Moz found that, while page load time was not correlated with higher search rankings (later studies contradict this, but more on that in a second), time-to-first-byte was correlated with higher search rankings.
I will dig into what this finding means for your nonprofit in my takeaways later, but the important piece is that this was the first study to demonstrate a link between a specific website performance metric and higher search engine rankings.
2017: Neil Patel’s “We Analyzed 143,827 URLs and Discovered the Overlooked Speed Factors That Impact Google Rankings”
Capturing the date of these studies is important because search algorithms are not fixed.

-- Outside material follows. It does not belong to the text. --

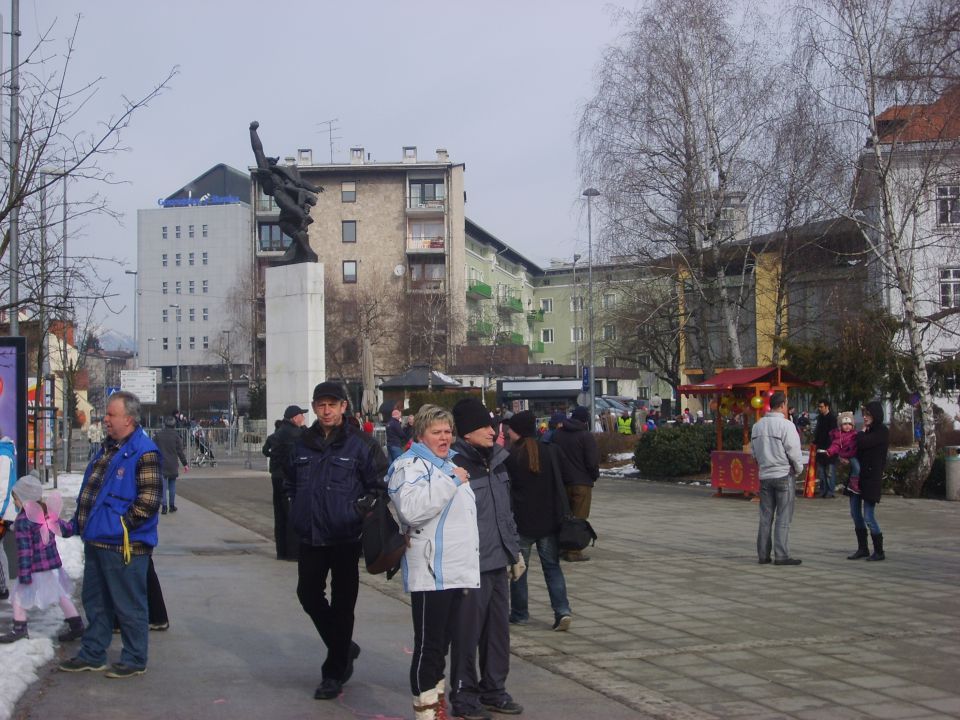 MAŠKARE V KRANJU 18.02.2012 - foto povečava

More recent studies will give us data that more closely matches the current reality of search rankings, and give us a sense of how the algorithms are changing over time.

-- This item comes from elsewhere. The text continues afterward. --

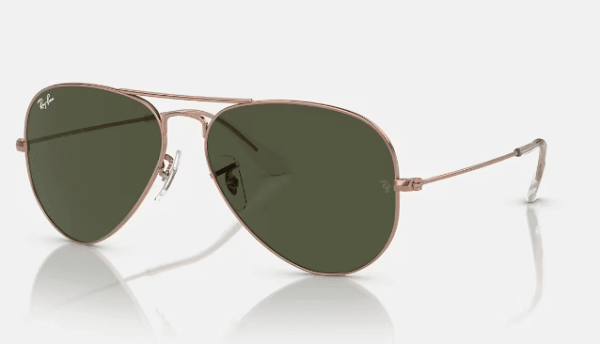 Ray-Ban 0RB3025 Aviator Large Metal - Image 4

Here’s what this study found:
Additionally, we corroborated the findings of other research, that top-ranked websites have faster site speeds for page load time to first byte (TTFB). This was the largest correlation noted in our study.

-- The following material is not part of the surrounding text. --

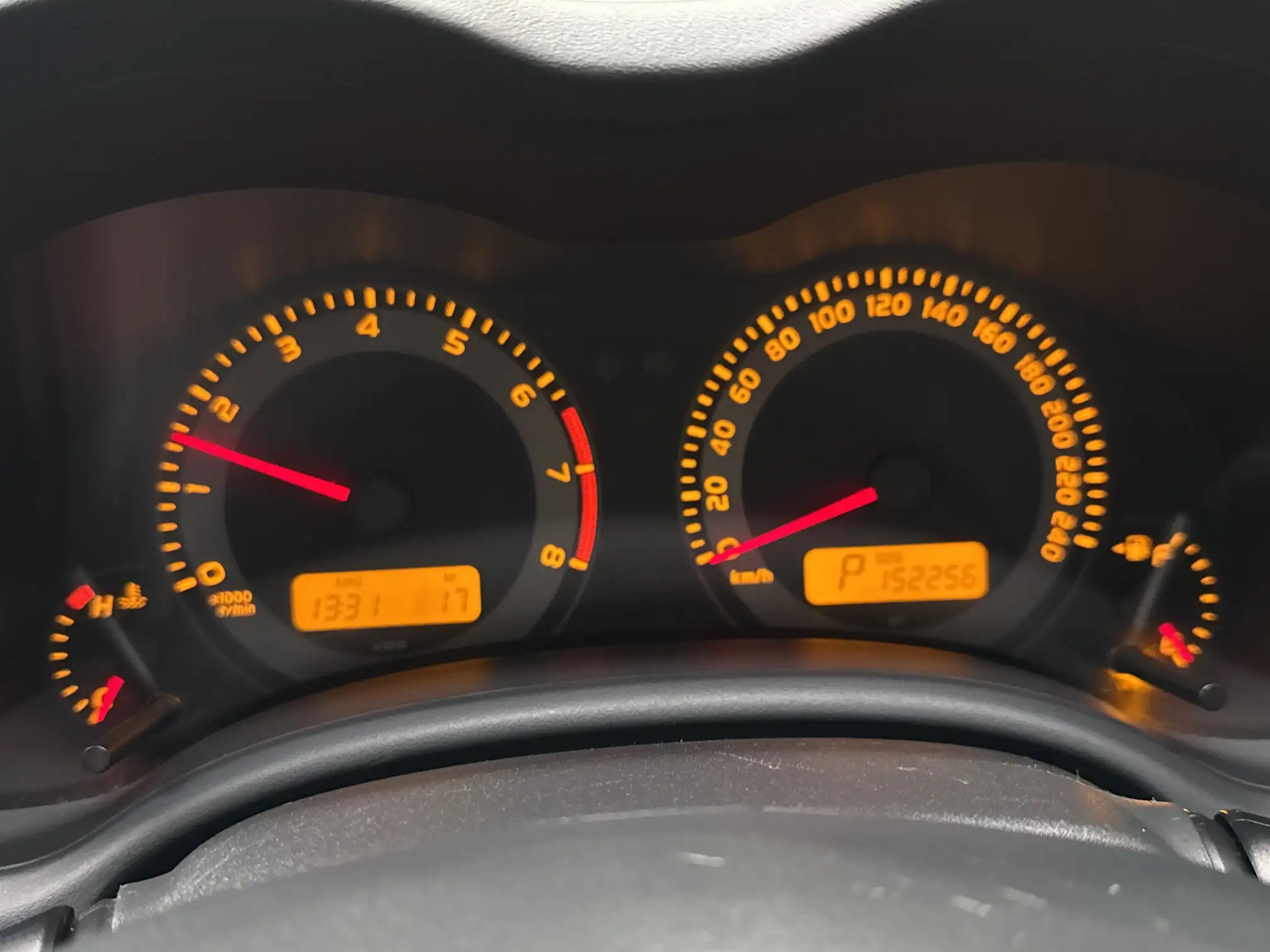 Toyota Corolla Quest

Although TTFB correlation is high, our research uncovered a new angle to site speed and search rankings impact. Google does not consider a simplified TTFB score alone as they did in the past. Today, they are looking at the more sophisticated interplay of doc complete and start render, and using these site speed factors as search rankings signals in addition to the TTFB measurements.
This angle of observation goes beyond the simple “fix your TTFB problems and all will be well.” As our research uncovered, Google is doing a far more accurate job of analyzing meaningful site speed metrics.
This research is valuable for a couple of reasons:
- It reported back the same TTFB correlation as Moz’s earlier study
- It revealed that Google seems to be getting more sophisticated at measuring other performance metrics in its ranking algorithm
Again, these are correlations (“probable influence”), but short of Google themselves revealing more information, it’s likely the most we will get.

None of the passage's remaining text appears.